#### HOW TO COMPLETE THIS TASK
Your task is to copy the data exactly while leaving out every picture.

#### THE DATA

------

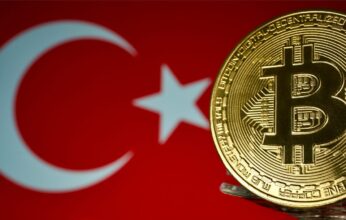 bitcoin-turkiye-1-346x220.jpg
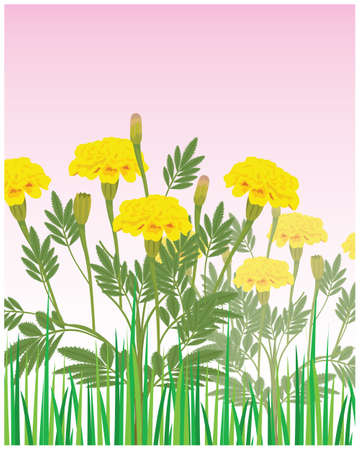 Marigold flower with blue background vector designのイラスト素材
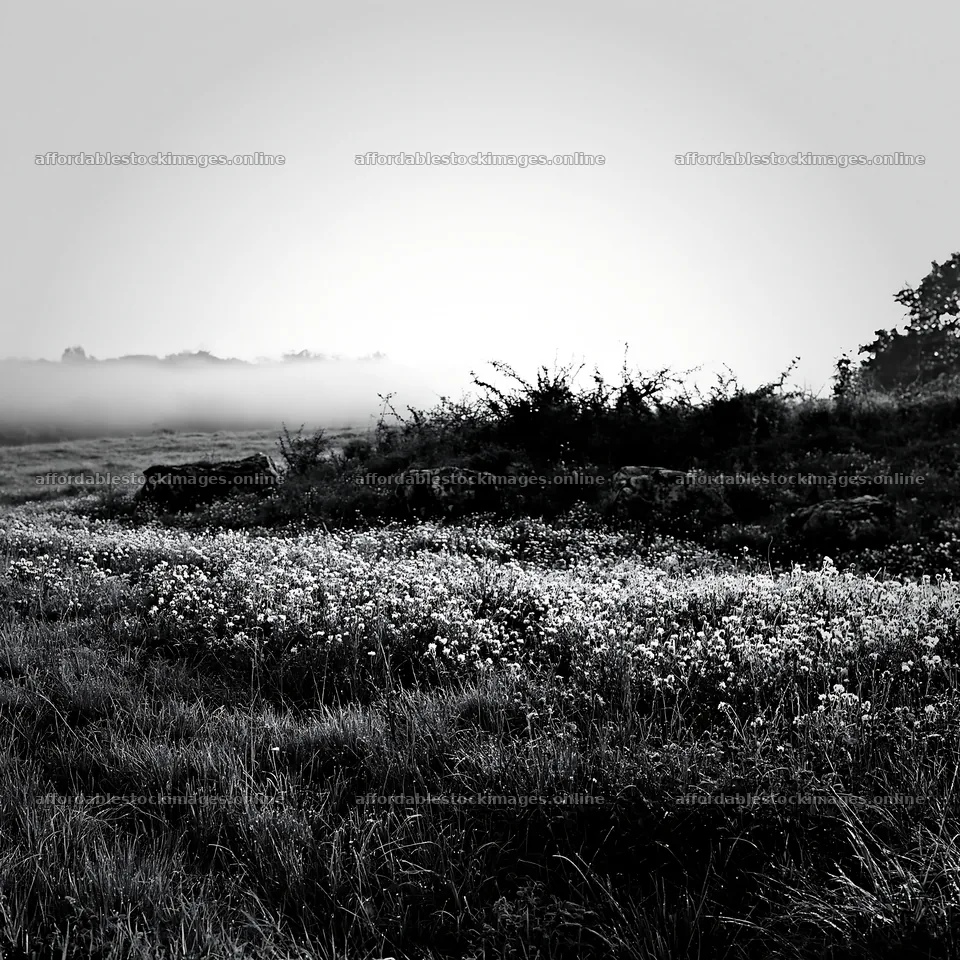 Clover cornflower meadow in black and white landscape – stock images 7938x7938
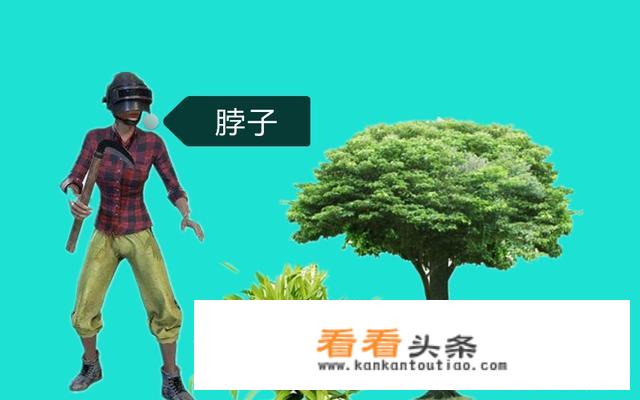 《刺激战场》游戏中，人物不同部位中弹后所受到的伤害是怎么样的？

------

#### WRITTEN REPLY
 bitcoin-turkiye-1-346x220.jpg
 Marigold flower with blue background vector designのイラスト素材
 Clover cornflower meadow in black and white landscape – stock images 7938x7938
 《刺激战场》游戏中，人物不同部位中弹后所受到的伤害是怎么样的？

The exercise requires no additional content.